# Are You Able To Pass This Vintage Items Quiz? Most Can’t!



## Prairie dog (Jul 18, 2021)

Are You Able To Pass This Vintage Items Quiz? Most Can’t!​
 50 questions..

https://www.pastfactory.com/product/are-you-able-to-pass-this-vintage-items-quiz-most-cant/2/

your result 45  out of 50

one didn't display the correct answer for me.was just a green blank no text.


----------



## debodun (Jul 18, 2021)

I missed a few, but it was because I couldn't see all the answers on some of the questions and had to choose from what was shown. I did miss one legitimately -  the one about the gas lamp - I chose lamp post.


----------



## Becky1951 (Jul 18, 2021)

That was fun.
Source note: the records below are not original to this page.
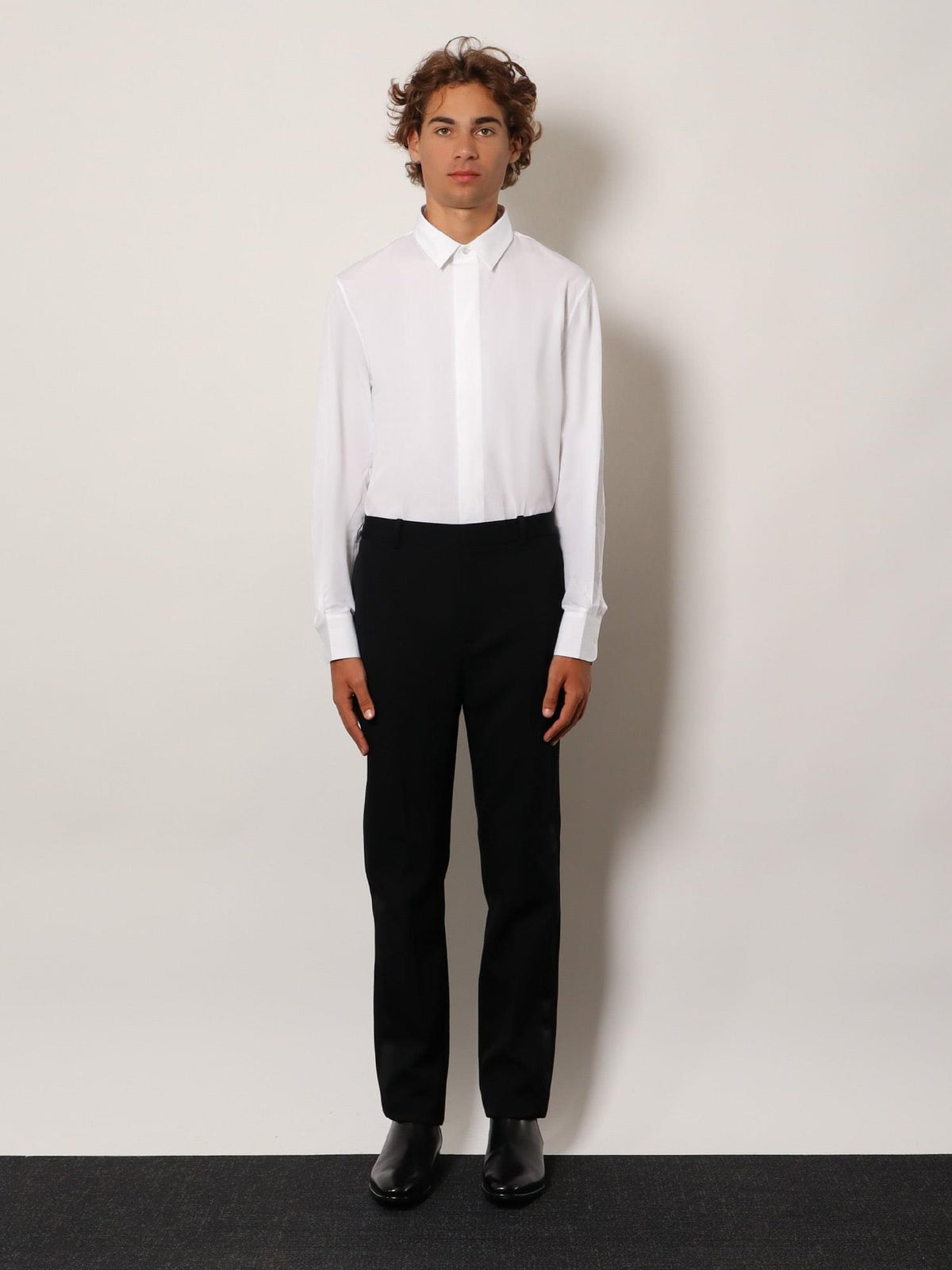 Saint Laurent Men Cotton Shirt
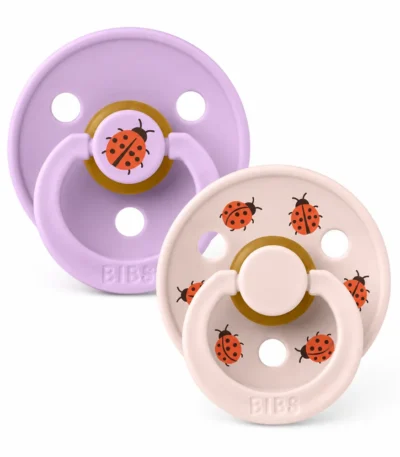 BIBS 02 SUCETTES COLOUR NATURAL RUBBER SIZE 1 VIOLET SKY MIX 0M+-5713795270682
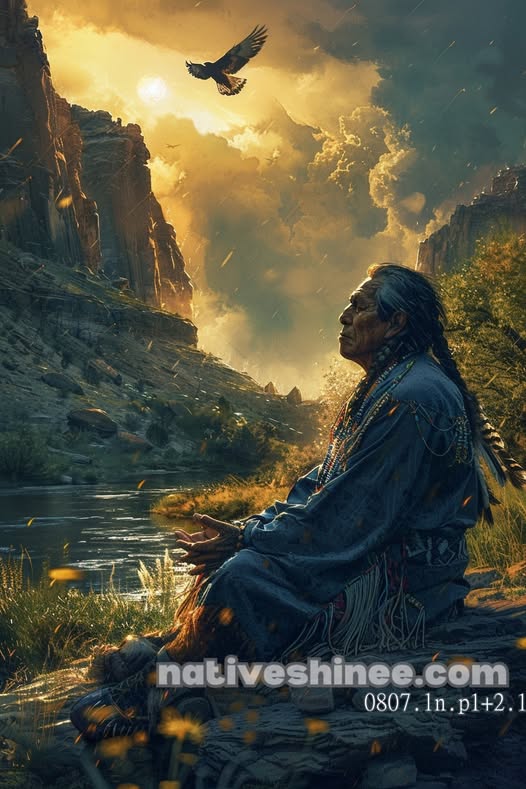 Whisper of the Spirit Wind Canvas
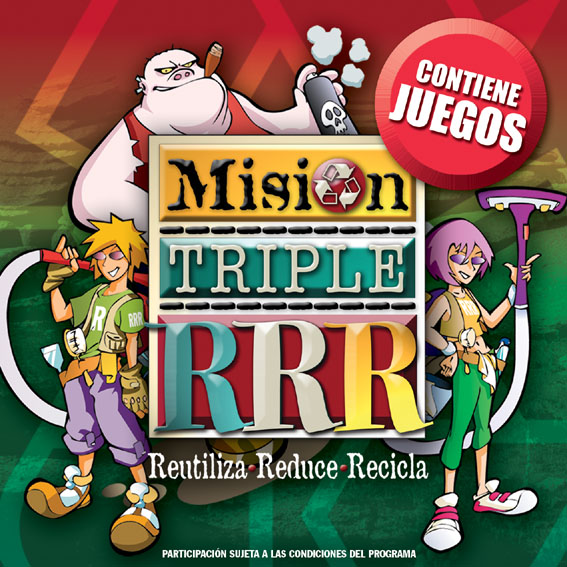 Lee más sobre el artículo Proyecto educativo ‘Misión Triple R’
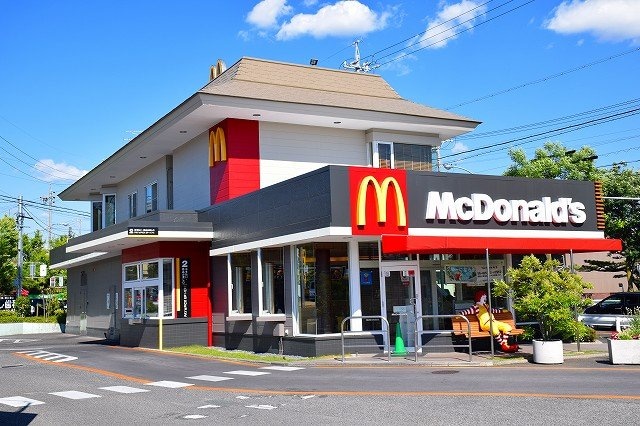 マクドナルド平手店まで850m グレース大清水Ⅱ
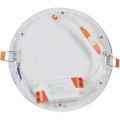 YCL ALP-1018 LED PANEL 18 WATT SLİM YUVARLAK  GÜN IŞIĞI 3000 K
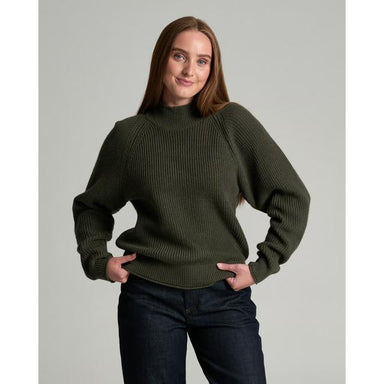 Kuhl Womens Strova Roll Neck Sweater ROSEMARY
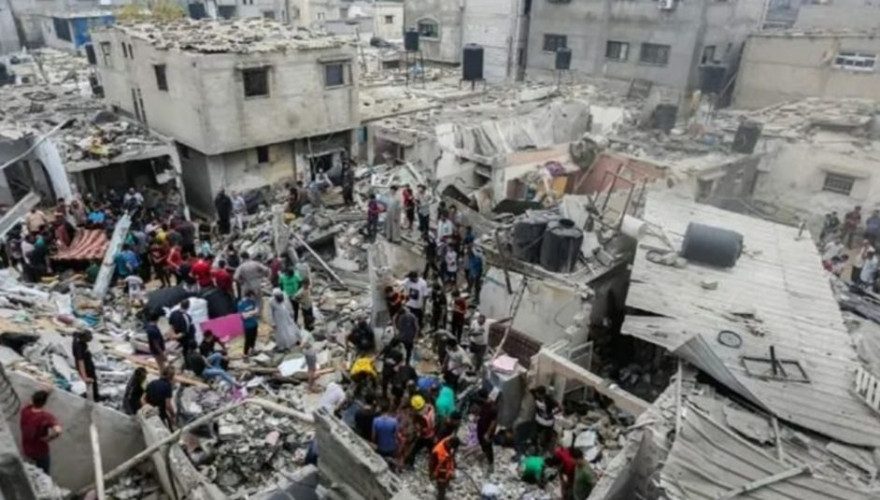 8796 شهيدًا منذ بداية العدوان على غزة.. والاحتلال يقصف المستشفى الوحيد لعلاج السرطان بالقطاع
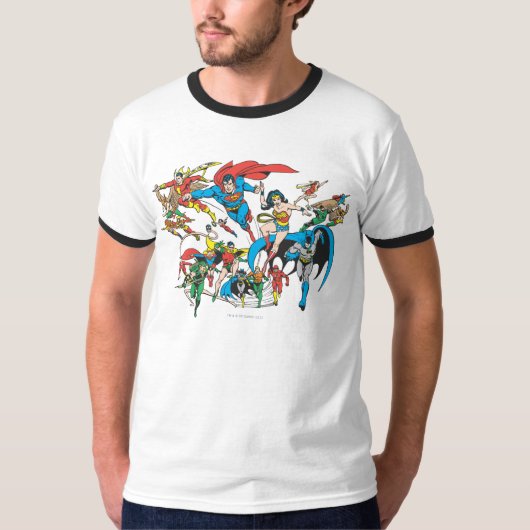 Super Powers™ Collectie 3 T-shirt (Voorkant)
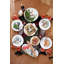 Wildlife Handmade Earthenware Dinner Plate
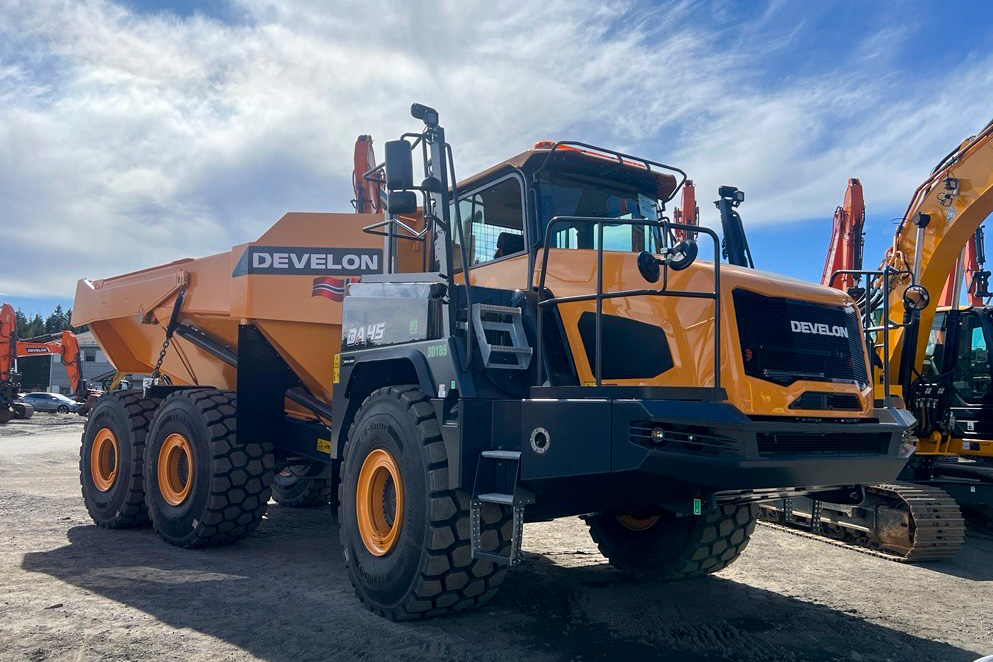 Develon DX165WR-7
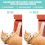 CAT Cat Couch Protector Sofa Selfadhesive Tape Furniture AntiScratch Post Guard UK 6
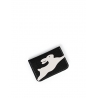 'En L'Air Carte Lièvre' Nappa Leather Card Holder Black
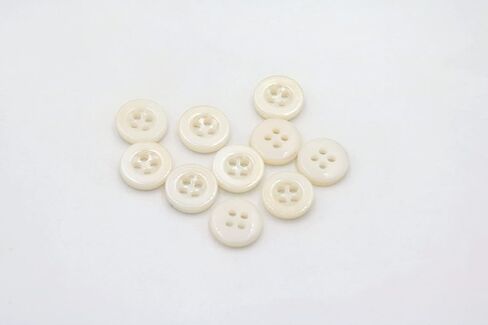 20PCS 2/4 Holes Sewing Round Craft Buttons Resin Snaps for Blazer Shirts Clothes DIY Accessories (Purple, 11mm) in Kuwait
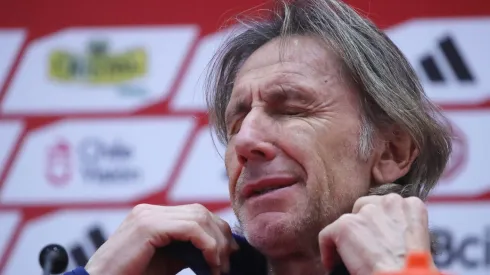 Ricardo Gareca eligió al mejor delantero de Sudamérica.
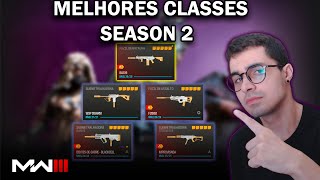 MINHAS MELHORES CLASSES DA SEASON 2 NO MW3!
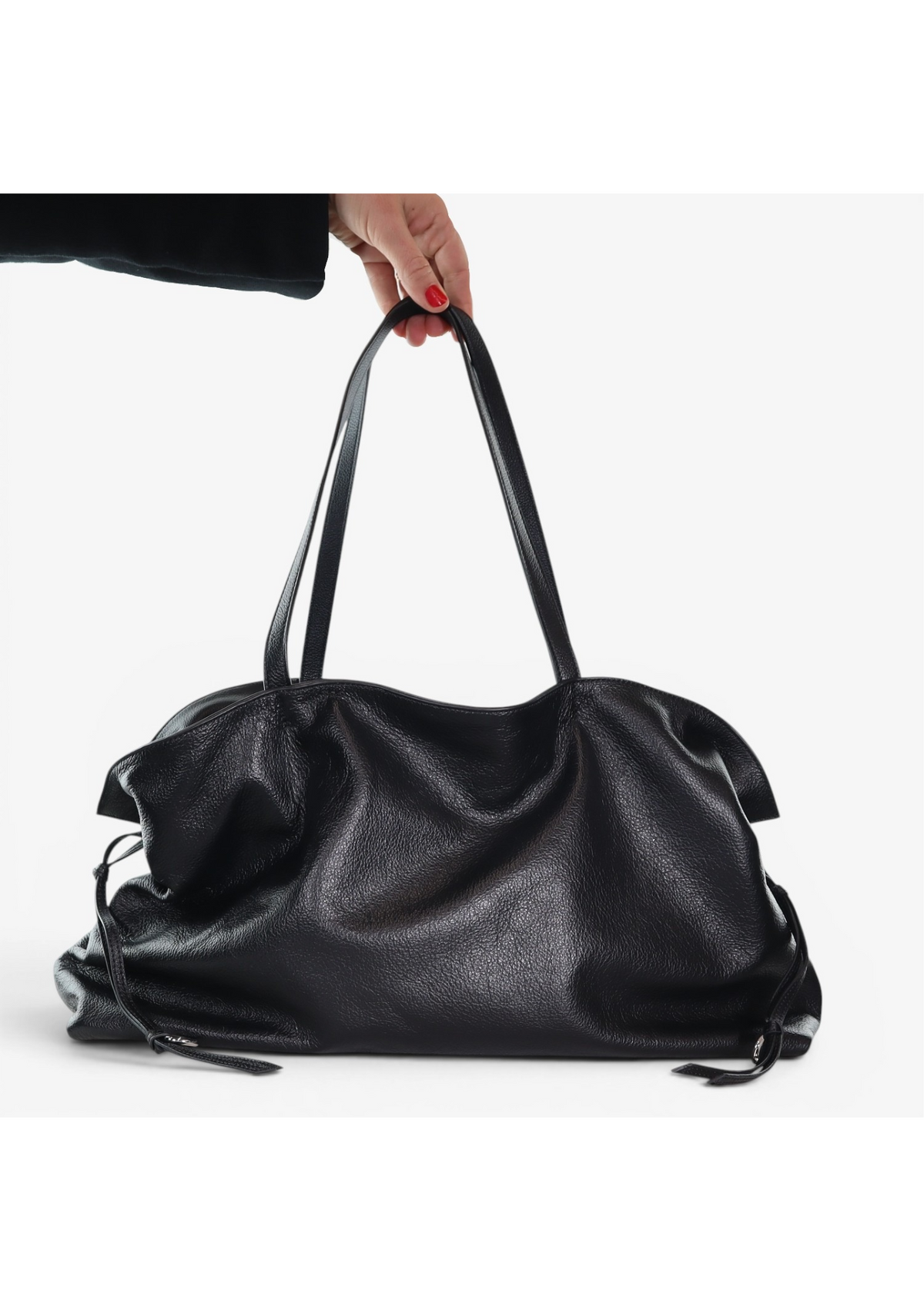 Minx Romano Shoulder Bag - Black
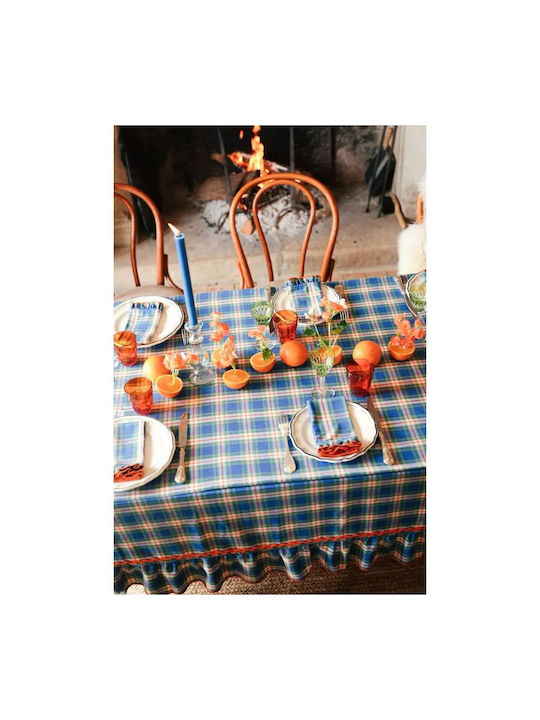Selected by Pragmatic Tablecloth Cotton Blue 170x300cm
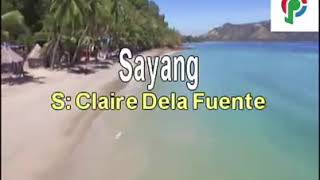 Sayang Claire Dela Fuente [upl. by Neliak]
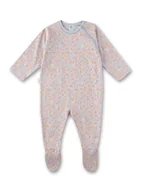 Śpiochy dla niemowląt - Sanetta Śpioszki w kolorze pomarańczowo-błękitnym - miniaturka - grafika 1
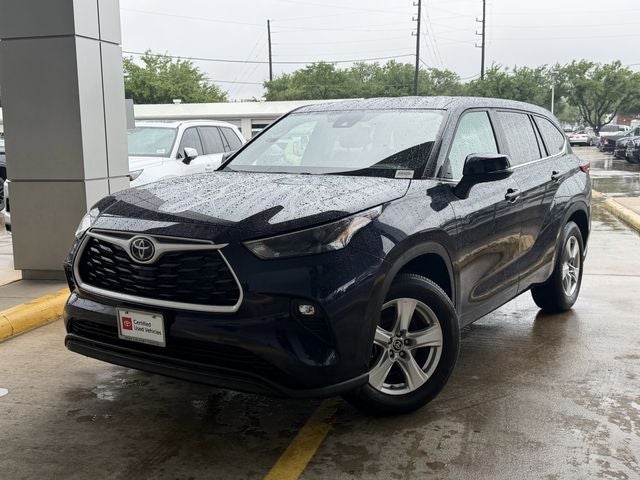2025 Toyota HIGHLANDER LE
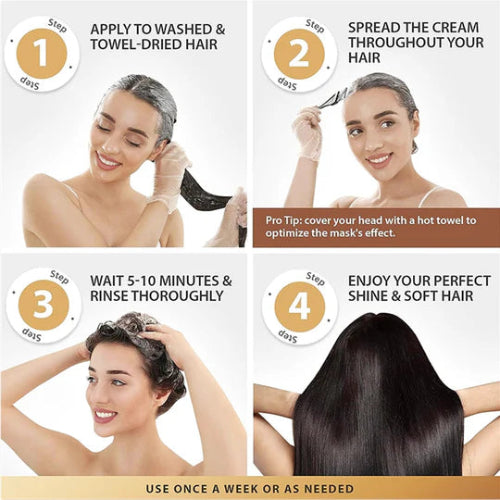 Karseell – Tratamiento profundo con colágeno para reparar y revitalizar tu cabello | 500ml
You scored 42 out of 50.


----------



## hollydolly (Jul 18, 2021)

You scored 46 out of 50                                                     Retry                                                                                                                                                                                                                                                                                                                                                                                                                                        Great job! That score is amazing.


----------



## terry123 (Jul 18, 2021)

I got 45 but I am old as dirt!!


----------



## Prairie dog (Jul 18, 2021)

Me also terry 123


----------



## CinnamonSugar (Jul 18, 2021)

48 out of 50


----------



## Judycat (Jul 18, 2021)

Sugar sifter? Oh dear I am such a vulgarian.


----------



## Tommy (Jul 19, 2021)

50 out of 50.  Got lucky on a couple of them.


----------



## Alligatorob (Jul 19, 2021)

You scored 47 out of 50


----------



## Fyrefox (Jul 20, 2021)

I got 46 out of 50.  Many of the items were in use during my day, more antiquated ones I saw in antique shops I was dragged into on family vacations...


----------



## Sassycakes (Jul 20, 2021)

*Congrats, you finished! Here are your results*​You scored 34 out of 50 RetryYou know a lot more than others.



*What I called it was Lucky guesser!*


----------